# Yak Fishing Questions



## cygnus-x1 (Oct 12, 2005)

I am dreaming of a Hobie with Mirage drive and hopefully this time next year that dream will come true. Until then I am curious about many things about Yak fishing.

1) Since space is limited on the yak do most of you fish with Arties, Bait, or both? 

2) Do you find yourself limited in the amount of fresh bait you can carry?

3) If you are planning on bringin fish home to eat how do you store your fish ... on a stringer?

4) What type of anchor is best and how long of an anchor rope is usually used?

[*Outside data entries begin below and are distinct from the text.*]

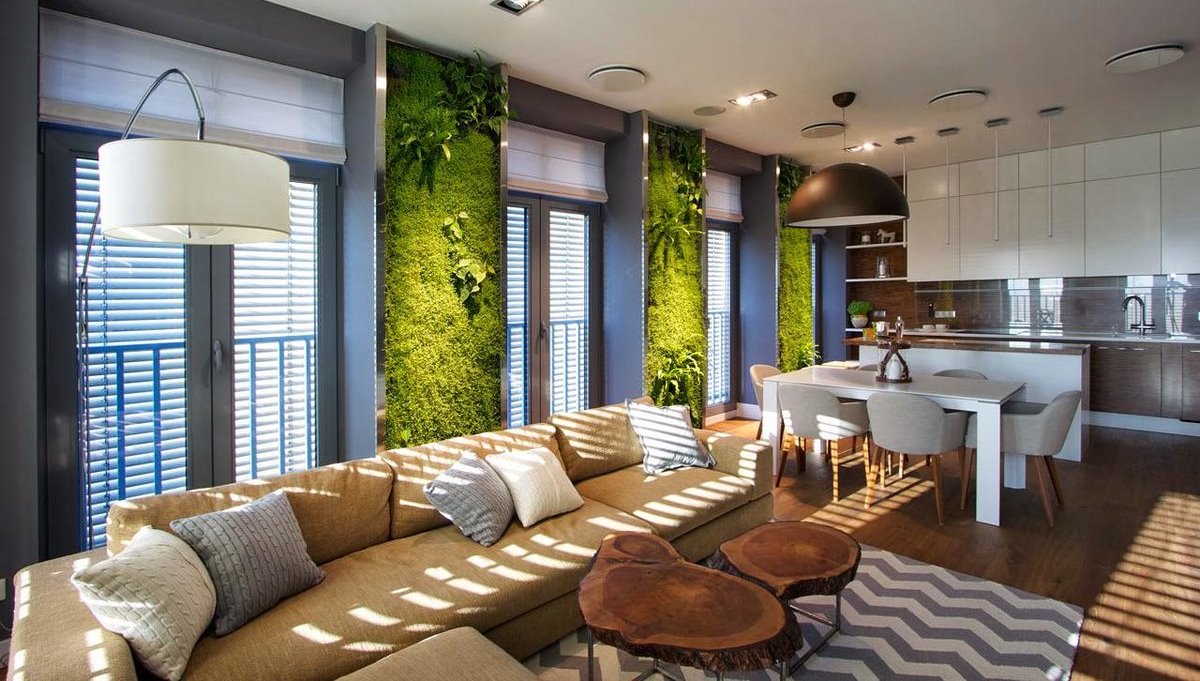 Eco-Style Interior In The Apartment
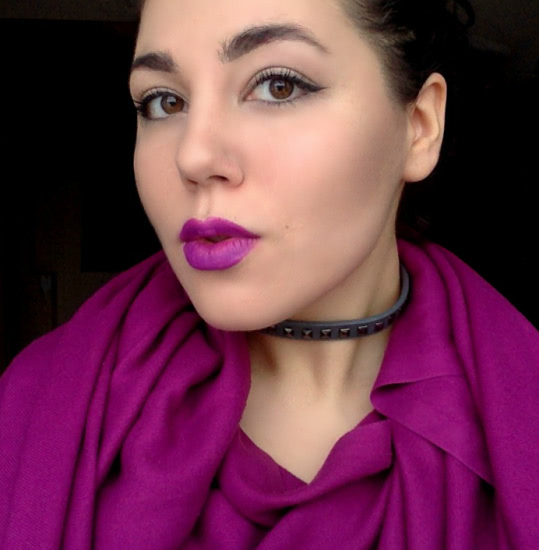 Клон Mac Heroine или нет? Обзор матовой помады № 953 Vibrant Violet от Maybelline
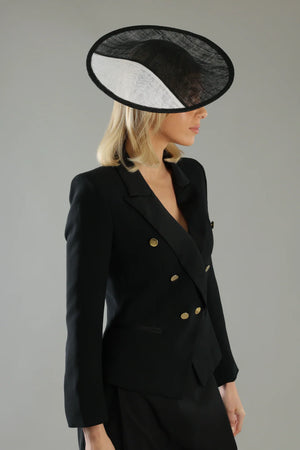 Morgan & Taylor Niah Plate Fascinator | Black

5) What is an Anchor trolly?

6) Do most of you drift or anchor up?

thanks!

opcorn: opcorn: opcorn:


----------



## _____ (Jun 5, 2006)

1. Both
2. If you run out, bait cast for more
3. Most use a fish bag
4. 3lb Claw works for me. In calmer water a 1.5lb will work
5. It is like a clothline on the side of your yak to change the anchor line from rear to the front of the yak to pivot.
6. all depends on wind/current/species.

All the people I know with the mirage drive never use an anchor.

Hope this helps


----------



## e-mag (Jun 15, 2006)

i always carry my castnets 1/4" and 3/8".


----------



## chump (Jul 18, 2005)

Hey Cyg,

This is speaking for the WBB boys who's got yaks and also from some research done while I've been waiting for mine:

1. I think most do both, afterall, why not?
2. I think both Okim and F&C are rigging up their yaks and putting a cooler in the back.
3. Same cooler as above
4. F&C and Fishbait both have 3lb ones, but there were talks yesterday at dinner about using the old WBB design and making a balsac weight. 1.5+3. Go figure.
5. Go to http://www.liquidlogickayaks.com/products/mantaray.html. That's what I'm waiting for in a 12ft. variety. It will probably be another month. There's a cool video on how to install and why have an anchor trolly on there.
6. All depends, though F&C said that one gets seasick much easier if anchored. Makes sense to me.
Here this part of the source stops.